The workshop was chaired by Professor Benjamin Kofi Nyarko (University of Cape Coast, Ghana) and Dr James Bell (Cefas, UK). It combined presentations by Hub researchers sharing updates from their research to date, identify outstanding gaps, and more importantly to share findings and collect feedback from relevant stakeholders, including with site visits to a boat yard in Biriwa and the Elmina fishing community. In addition, key stakeholders involved in this workshop included representatives from academia, governmental agencies, including the Fisheries Commission (and associated Scientific and Technical Committees) and the Environmental Protection Agency and civil society groups, such as the Asasepa Foundation and Hen Mpoano.

Key themes

 A number of topics were explored during the workshop:

  • Dr Bolanle Erinosho (University of Cape Coast, Ghana) presented on the interface between customary and national law in Ghana
  • Dr Emmanuel Acheampong (University of Cape Coast, Ghana) presented on the climate and pollution sensitivity of plankton species
  • Dr Robin Cook (University of Strathclyde, UK) presented on a stock assessment of ten major commercial fish species;
  • Professor Michael Heath (University of Strathclyde, UK) presented on an end-to-end ecosystem model developed for the Ghana continental shelf;
  • Mr. Kenneth Amankwaa Boateng, Mr. Albert Nii Dodoo (graduate students), Dr John Windie Ansah and Dr Georgina Oduro (University of Cape Coast, Ghana) delivered a joint presentation on socio-cultural research with coastal communities, particularly on issues surrounding gender and ocean governance;
  • Prof. Wisdom Akpalu (Ghana Institute of Management and Public Administration, Ghana) presented on economic performance and enforcement challenges in Ghana fisheries sectors;
  • Dr Lisa McDonald (Glasgow School of Art, UK) presented an overview of the DEEP Fund projects sponsored in Ghana;
  • Dr Eric Otchere (University of Cape Coast, Ghana) offered a debut screening of his documentary exploring the cultural and historical significance of Ghanaian fisherfolk songs.

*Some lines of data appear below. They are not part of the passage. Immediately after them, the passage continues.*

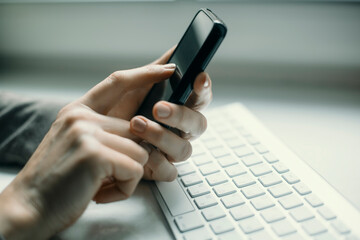 A hand dials on a smartphone in the office, close-up.
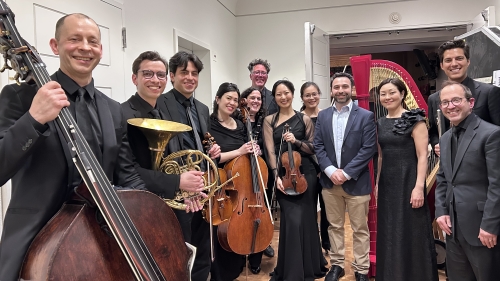 Musicians hold their instruments and pose for the photo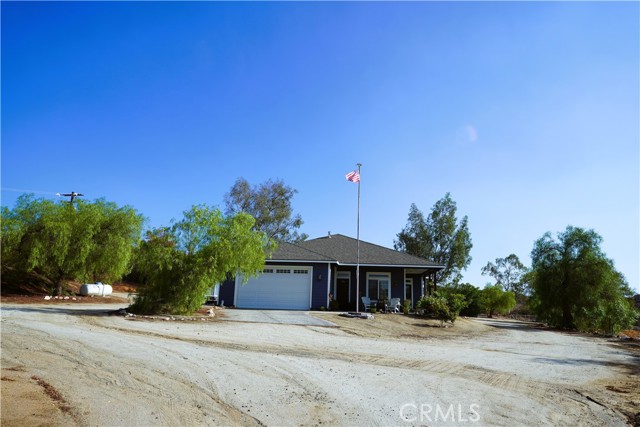 Come out to the country in this quiet neighborhood. Nuevo is a small town with a big heart not far from Perris and Hemet. Shopping and Lake Perris are only 15-20 minutes away . Plenty room to roam with 2.6 acres, bring your horses and critters for a small farm. This 3bd and 2bth home has 10ft. ceilings that give a spacious feel. The kitchen is open design with granite counter tops and raised bar. In the family room is a fireplace that makes the home cozy. For that someone who likes to work on vehicles, there is an attached garage and a 19x30 workshop. The workshop is equipped with an outlet for welding or RV. The workshop would make an awesome man cave! One the other end of workshop is a covered patio that is a great places for BBQ's and family get togethers. There is a well on the property that could be hooked up for irrigation, nice to have in a drought. A chain link fenced in area has been used for a garden, also could be good for animals. Rural living but with urban convenience ,great place for a family. Make this house your home.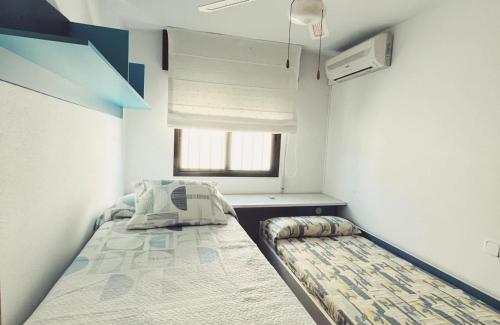 a small room with a bed and a window at Casa La Higuera in Retamar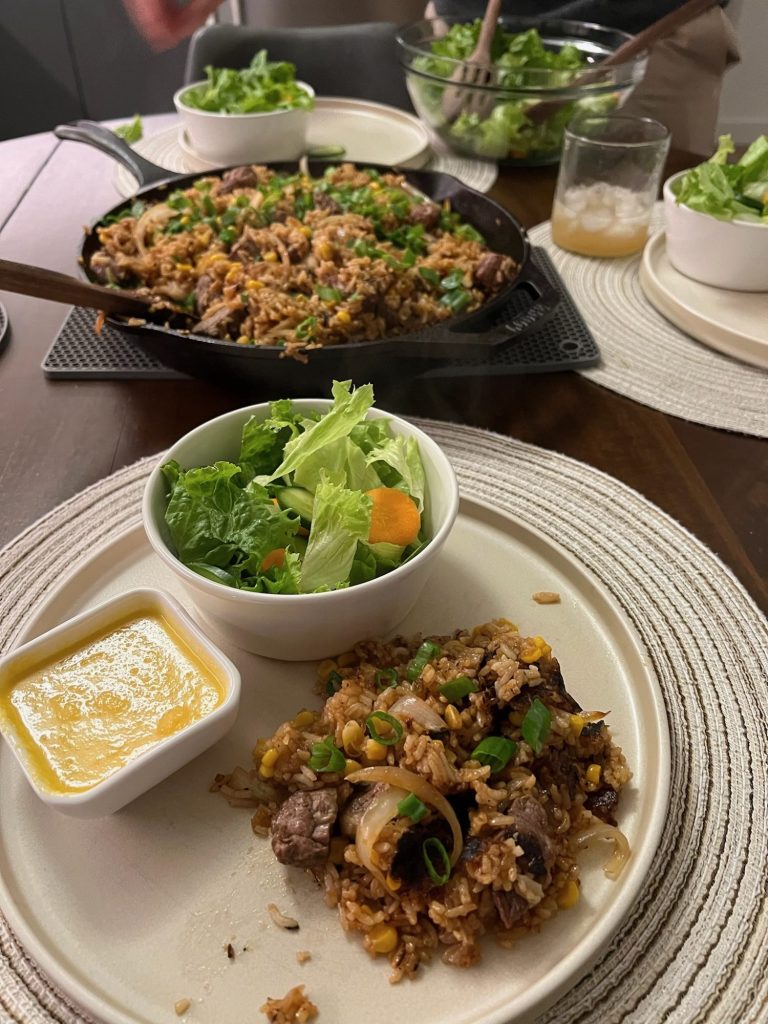 Plate with a side of ginger dressing, a small green salad and pepper beef rice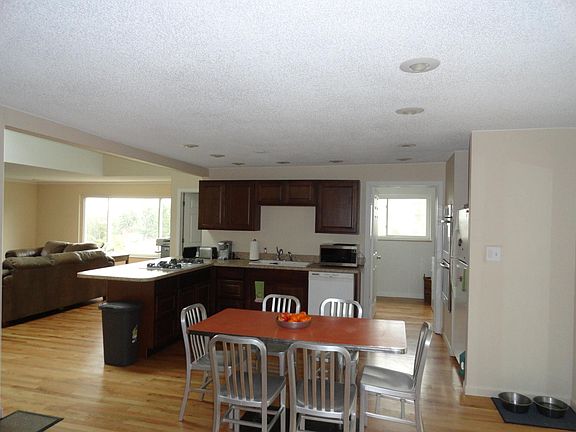 kitchen. showing laundry to the right and fam. rm. to left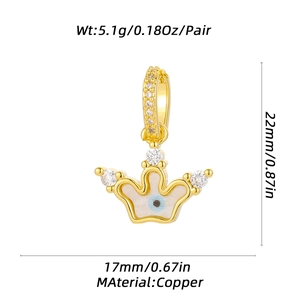 Detail of crown-shaped pendant with enamel evil eye and sparkling zircon inlay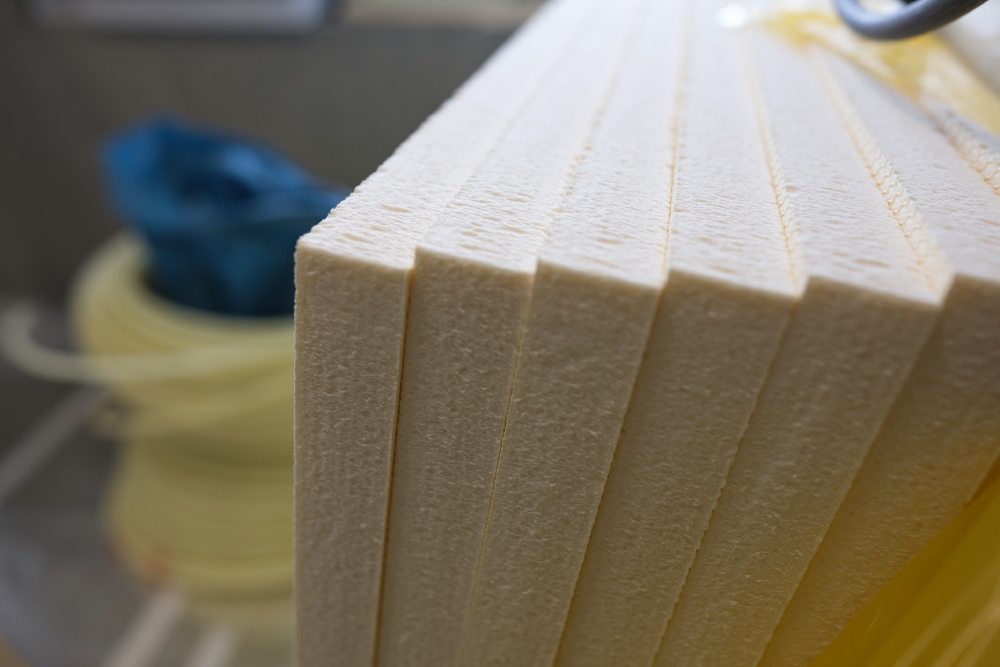 Ein Stapel cremefarbener Dämmplatten aus Hartschaum in der Nahaufnahme.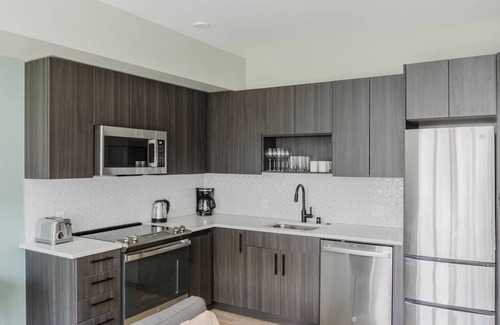 Squire Park Apartment | Delightful First Hill Jr 1BR w/Bike Storage, Gym & W/D, by Blueground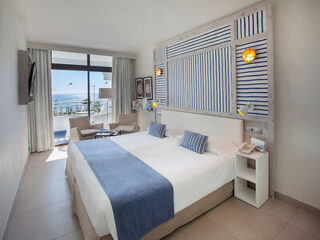 Modern hotel room with a large bed, blue and white decor, wall-mounted TV, and a seating area by a window overlooking a balcony and the ocean.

Professor Nunoo, a researcher at the University of Ghana and Board Chair of Ghana Fisheries Commission Scientific and Technical Committee, participated in the workshop and said he was impressed with the work of the Hub and explored opportunities to engage further and share data to enrich the analytical tools as well as facilitate opportunities to disseminate Hub findings to stakeholders at the Fisheries Commission.

Next steps

As next steps, workshop participants agreed to:

  • Collectively finalise the Social-Economic Impact Assessment interdisciplinary analysis framework developed during the workshop
  • build on connections established at the workshop, particularly with early-career researchers in Ghana, and expand researcher networks where possible;
  • investigate a wide range of formats to effectively engage different audiences in the research findings and new tools developed by the Hub; and
  • convene a workshop focused on climate change adaptation in 2023.